▶ _WORK ORDER_:
Where in the data does the word "Porsche" appear? Find those lines and copy them.

▶ _Data entries_:
────────────────

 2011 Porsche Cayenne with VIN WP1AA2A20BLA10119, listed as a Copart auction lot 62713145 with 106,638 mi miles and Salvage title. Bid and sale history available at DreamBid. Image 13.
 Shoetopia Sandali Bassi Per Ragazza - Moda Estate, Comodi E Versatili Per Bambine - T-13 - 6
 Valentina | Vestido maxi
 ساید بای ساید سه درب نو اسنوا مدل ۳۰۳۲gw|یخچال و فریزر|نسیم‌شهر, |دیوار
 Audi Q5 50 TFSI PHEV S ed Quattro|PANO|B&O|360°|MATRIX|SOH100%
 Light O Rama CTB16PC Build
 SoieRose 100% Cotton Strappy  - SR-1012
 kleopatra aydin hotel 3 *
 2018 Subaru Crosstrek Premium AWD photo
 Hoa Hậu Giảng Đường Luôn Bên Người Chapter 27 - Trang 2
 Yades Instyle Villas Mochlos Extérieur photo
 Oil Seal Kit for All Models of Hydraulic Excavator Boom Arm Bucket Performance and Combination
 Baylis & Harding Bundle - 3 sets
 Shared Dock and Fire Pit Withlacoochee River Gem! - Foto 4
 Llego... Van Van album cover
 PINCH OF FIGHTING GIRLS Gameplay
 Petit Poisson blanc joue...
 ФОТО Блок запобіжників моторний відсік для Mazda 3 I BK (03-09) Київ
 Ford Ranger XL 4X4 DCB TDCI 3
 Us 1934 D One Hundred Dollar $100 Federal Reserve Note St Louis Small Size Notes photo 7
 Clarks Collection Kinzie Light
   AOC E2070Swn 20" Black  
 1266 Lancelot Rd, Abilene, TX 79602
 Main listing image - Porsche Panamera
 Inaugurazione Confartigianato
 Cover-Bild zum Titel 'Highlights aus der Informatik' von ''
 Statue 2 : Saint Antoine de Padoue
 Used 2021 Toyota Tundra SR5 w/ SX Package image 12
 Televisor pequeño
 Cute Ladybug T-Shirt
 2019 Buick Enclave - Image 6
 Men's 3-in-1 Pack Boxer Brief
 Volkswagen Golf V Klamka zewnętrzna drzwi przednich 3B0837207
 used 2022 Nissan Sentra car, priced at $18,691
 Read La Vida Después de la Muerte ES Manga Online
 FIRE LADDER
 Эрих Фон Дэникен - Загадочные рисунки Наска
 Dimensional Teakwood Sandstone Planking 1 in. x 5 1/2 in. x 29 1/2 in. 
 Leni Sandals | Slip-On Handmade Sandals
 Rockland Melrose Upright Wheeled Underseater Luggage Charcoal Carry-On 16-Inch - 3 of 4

────────────────

▶ _EXERCISE RESPONSE_:
 2011 Porsche Cayenne with VIN WP1AA2A20BLA10119, listed as a Copart auction lot 62713145 with 106,638 mi miles and Salvage title. Bid and sale history available at DreamBid. Image 13.
 Main listing image - Porsche Panamera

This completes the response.